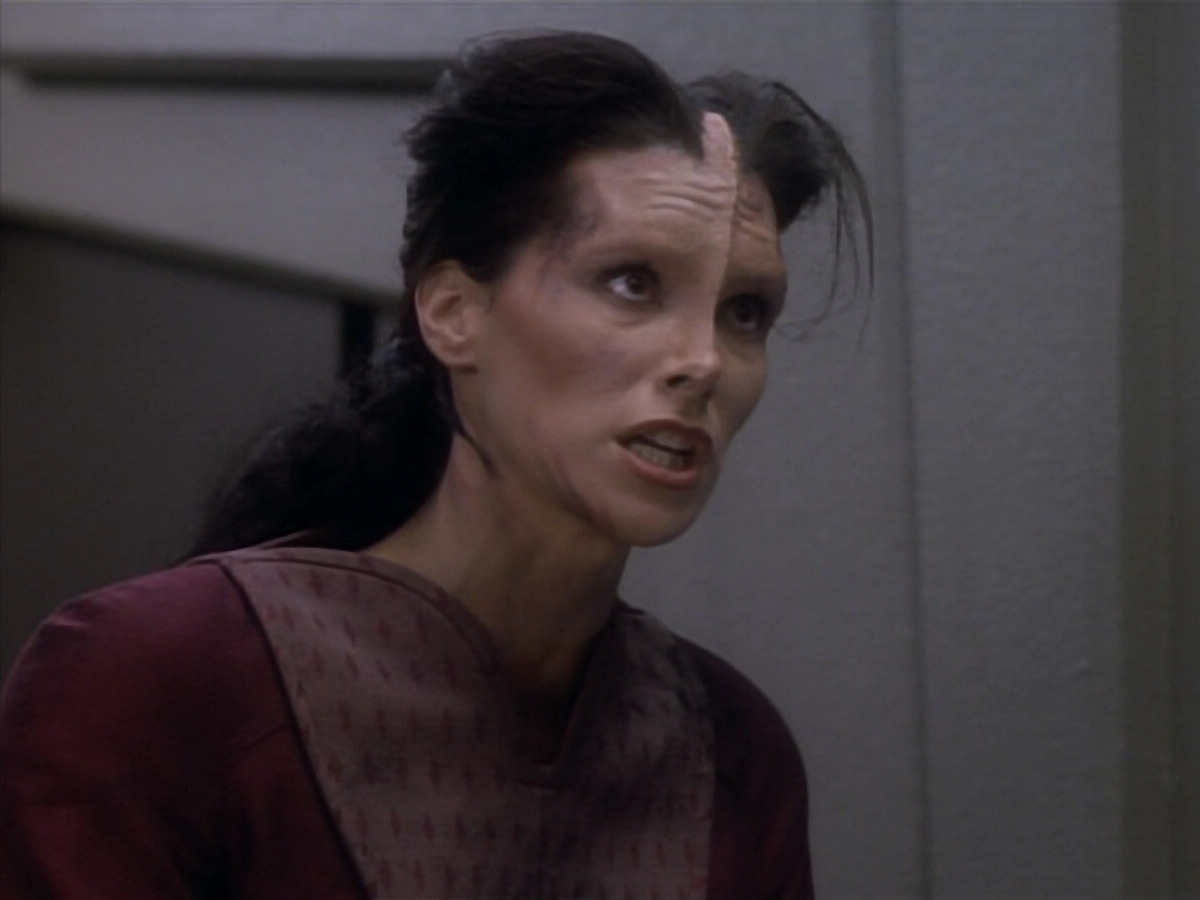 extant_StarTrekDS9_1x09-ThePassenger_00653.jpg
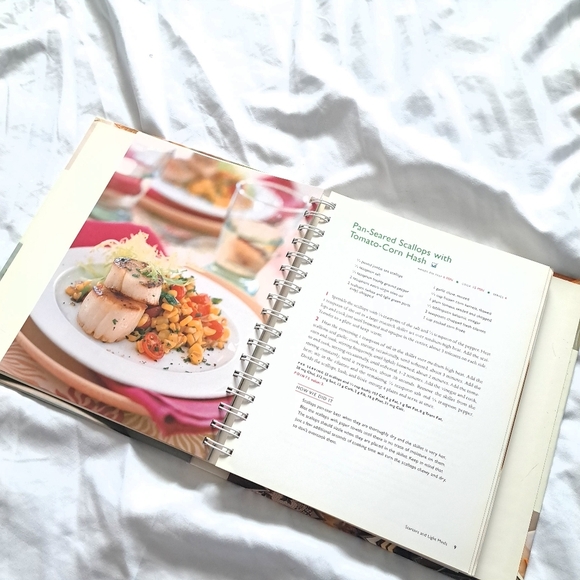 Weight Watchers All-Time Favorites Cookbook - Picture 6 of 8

###

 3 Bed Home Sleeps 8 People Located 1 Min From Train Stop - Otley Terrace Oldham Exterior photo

###

Go to the line above holding "extant_StarTrekDS9_1x09-ThePassenger_00653.jpg", then copy exactly each line down to and including the one holding "Weight Watchers All-Time", leaving pictures out.

◆ **Answer box**
 extant_StarTrekDS9_1x09-ThePassenger_00653.jpg
 Weight Watchers All-Time Favorites Cookbook - Picture 6 of 8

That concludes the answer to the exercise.